All this public investment is strongly reinforced with the collaboration of a large group of companies from different sectors who also dedicate their resources, knowledge and services to the development of the so-called cities of the future.

As if it were a Smart Cities incubator, the Korean government and collaborating entities invest their resources in three models of smart city projects: pilot projects, R&D validation projects and urban regeneration projects.

Pilot projects are large-scale projects that consist of applying a model for smart cities to a real case. To carry them out, in 2018, two cities were selected, Sejong City and Busan, where these projects have been built from scratch on empty land of an area of ​​about three square kilometers.

In these two smart cities they are testing, for example, autonomous vehicles that move their users door to door, as well as solutions based on artificial intelligence and robotization, such as traffic management to prevent traffic jams or assistant robots from forming in public car parks.

For their part, R&D validation projects, on a smaller scale than pilot projects, are ‘living laboratories’ that seek to develop a data management model aimed at collecting, storing and sharing data through a platform integrated into the whole city. For the moment, Daegu and Siheung are the two cities in which this type of projects for the development of smart cities is being carried out, which focus on the environment, well-being and energy.
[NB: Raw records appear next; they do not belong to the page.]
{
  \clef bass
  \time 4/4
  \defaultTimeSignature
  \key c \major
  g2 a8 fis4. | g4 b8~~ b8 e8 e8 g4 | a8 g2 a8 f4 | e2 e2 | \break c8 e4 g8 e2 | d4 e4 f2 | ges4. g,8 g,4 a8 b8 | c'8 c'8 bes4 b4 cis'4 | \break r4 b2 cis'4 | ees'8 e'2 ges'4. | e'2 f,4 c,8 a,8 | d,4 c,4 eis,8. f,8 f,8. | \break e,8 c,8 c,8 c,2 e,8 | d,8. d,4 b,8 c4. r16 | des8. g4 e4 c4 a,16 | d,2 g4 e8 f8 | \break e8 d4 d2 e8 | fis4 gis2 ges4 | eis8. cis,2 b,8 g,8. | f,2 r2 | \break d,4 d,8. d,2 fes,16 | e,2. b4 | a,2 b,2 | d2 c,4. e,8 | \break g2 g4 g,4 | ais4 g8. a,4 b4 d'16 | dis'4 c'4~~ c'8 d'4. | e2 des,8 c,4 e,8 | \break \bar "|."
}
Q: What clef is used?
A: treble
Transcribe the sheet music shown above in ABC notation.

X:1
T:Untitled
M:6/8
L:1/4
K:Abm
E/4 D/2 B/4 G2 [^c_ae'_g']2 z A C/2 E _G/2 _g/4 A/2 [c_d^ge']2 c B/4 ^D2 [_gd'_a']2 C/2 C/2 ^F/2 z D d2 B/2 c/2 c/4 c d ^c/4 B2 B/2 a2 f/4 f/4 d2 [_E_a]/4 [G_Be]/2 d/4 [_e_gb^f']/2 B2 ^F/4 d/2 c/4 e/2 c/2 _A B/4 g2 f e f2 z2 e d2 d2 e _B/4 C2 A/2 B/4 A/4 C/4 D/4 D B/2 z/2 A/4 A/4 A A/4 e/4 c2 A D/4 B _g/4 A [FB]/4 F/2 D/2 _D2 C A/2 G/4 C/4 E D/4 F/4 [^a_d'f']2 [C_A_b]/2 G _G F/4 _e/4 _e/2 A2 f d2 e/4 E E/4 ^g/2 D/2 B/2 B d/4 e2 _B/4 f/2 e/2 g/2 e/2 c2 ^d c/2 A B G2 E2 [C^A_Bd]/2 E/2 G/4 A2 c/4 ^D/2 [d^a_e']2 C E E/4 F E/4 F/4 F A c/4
The third model, urban regeneration, is focused on solving specific situations in older urban areas, such as improving security in a certain area, reducing pollution or solving parking space problems, through the application of cutting-edge technologies such as virtual reality or data connectivity.

The strong commitment to Smart cities has very positive consequences in other sectors ”, explains the Korean Ambassador to Spain, Bahk Sahnghoon. “The areas that can benefit the most are mobility, with autonomous vehicles, the commitment to hydrogen as a fuel and autonomous traffic management; and energy, by developing systems that seek the highest possible energy efficiency and the generation of clean energy. Health and education also benefit “.